▶ **What is required**:
Range to output from the entries below: the line containing "create an inspiring" through the line containing "Eigenwillige Schwarze-Katze-Ninja Alternative". Set it down exactly, ends included, nothing else.

▶ **Task material**:
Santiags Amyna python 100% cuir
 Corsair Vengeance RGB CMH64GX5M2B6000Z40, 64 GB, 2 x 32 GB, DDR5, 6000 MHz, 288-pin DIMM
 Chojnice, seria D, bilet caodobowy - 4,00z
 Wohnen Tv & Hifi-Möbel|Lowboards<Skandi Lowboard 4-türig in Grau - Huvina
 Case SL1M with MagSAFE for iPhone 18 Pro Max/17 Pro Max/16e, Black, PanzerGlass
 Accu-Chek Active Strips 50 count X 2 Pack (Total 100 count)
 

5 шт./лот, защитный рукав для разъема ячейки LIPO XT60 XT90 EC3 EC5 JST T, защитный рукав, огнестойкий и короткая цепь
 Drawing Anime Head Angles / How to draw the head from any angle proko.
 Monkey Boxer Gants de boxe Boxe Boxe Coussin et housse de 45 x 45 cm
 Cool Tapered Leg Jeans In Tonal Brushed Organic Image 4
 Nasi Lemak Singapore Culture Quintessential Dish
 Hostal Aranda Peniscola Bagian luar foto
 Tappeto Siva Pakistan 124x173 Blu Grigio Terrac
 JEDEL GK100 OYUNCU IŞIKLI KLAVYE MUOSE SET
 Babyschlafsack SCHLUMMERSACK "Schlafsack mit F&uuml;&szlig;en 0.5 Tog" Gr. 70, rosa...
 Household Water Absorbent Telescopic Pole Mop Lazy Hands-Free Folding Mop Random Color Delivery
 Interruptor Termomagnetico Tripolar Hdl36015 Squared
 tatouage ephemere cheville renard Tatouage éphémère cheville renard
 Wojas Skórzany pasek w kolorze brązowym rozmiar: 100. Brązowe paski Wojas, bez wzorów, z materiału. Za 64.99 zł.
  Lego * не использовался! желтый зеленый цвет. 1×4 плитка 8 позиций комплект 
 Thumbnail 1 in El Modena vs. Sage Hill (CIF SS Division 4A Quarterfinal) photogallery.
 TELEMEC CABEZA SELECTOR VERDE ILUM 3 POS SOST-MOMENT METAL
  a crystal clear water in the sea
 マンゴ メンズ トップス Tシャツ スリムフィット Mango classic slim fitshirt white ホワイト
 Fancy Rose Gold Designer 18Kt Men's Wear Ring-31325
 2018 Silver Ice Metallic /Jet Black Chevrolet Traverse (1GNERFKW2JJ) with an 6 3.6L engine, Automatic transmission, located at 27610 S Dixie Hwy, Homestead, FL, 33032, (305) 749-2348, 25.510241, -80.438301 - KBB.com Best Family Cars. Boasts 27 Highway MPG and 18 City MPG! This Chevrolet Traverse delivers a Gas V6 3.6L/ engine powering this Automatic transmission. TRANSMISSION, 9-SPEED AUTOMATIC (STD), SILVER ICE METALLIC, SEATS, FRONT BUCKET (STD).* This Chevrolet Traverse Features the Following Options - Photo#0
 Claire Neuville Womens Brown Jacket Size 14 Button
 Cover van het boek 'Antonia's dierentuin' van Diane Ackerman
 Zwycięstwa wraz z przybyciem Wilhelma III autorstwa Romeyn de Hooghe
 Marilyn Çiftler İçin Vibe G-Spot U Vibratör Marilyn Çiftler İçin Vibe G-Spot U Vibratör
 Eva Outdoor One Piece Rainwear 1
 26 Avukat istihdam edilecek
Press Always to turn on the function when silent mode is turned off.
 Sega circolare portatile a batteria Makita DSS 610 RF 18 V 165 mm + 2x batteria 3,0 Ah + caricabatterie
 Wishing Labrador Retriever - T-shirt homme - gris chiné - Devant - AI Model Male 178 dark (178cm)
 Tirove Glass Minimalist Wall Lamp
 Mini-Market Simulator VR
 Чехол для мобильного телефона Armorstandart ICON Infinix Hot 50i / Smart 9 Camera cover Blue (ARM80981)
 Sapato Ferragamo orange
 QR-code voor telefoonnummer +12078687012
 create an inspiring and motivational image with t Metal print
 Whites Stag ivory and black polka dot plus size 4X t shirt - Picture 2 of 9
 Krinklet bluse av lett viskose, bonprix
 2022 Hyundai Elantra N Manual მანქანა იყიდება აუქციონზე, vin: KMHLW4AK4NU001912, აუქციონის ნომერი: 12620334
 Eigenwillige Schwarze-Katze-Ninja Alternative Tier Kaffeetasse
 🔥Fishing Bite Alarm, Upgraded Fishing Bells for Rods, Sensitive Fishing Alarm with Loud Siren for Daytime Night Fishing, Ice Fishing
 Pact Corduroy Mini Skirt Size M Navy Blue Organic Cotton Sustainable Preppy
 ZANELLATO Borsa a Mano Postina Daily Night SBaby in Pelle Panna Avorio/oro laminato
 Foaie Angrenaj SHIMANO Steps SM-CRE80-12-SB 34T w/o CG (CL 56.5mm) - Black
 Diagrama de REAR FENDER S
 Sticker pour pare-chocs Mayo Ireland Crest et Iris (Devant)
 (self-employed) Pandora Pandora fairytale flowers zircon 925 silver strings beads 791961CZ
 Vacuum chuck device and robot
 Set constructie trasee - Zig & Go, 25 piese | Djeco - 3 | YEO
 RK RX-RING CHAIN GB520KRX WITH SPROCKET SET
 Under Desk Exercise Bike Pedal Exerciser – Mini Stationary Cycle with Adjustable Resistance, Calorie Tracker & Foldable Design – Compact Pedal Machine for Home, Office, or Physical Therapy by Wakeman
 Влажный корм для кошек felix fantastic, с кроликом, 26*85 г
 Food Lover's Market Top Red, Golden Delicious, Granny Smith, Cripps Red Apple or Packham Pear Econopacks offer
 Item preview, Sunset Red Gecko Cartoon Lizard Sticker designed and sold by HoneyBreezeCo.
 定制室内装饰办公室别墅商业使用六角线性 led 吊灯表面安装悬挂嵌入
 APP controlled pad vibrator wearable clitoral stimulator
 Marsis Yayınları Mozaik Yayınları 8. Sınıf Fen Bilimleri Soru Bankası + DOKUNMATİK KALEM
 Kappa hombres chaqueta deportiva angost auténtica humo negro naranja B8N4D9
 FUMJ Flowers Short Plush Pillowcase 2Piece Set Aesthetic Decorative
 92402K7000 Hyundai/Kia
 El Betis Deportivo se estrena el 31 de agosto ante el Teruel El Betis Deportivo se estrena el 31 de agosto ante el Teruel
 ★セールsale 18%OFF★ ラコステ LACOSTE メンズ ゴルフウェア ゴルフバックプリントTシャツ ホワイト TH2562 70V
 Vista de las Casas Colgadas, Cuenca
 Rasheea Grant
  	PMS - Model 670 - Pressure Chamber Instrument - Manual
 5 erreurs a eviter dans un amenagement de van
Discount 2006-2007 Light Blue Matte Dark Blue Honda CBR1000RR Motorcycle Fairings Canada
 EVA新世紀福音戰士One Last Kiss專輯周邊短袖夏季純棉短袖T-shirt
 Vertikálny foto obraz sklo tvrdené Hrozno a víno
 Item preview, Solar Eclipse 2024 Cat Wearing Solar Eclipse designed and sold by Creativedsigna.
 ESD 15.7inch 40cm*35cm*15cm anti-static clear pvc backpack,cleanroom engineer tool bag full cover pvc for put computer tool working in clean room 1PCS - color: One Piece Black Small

▶ **Exercise result**:
 create an inspiring and motivational image with t Metal print
 Whites Stag ivory and black polka dot plus size 4X t shirt - Picture 2 of 9
 Krinklet bluse av lett viskose, bonprix
 2022 Hyundai Elantra N Manual მანქანა იყიდება აუქციონზე, vin: KMHLW4AK4NU001912, აუქციონის ნომერი: 12620334
 Eigenwillige Schwarze-Katze-Ninja Alternative Tier Kaffeetasse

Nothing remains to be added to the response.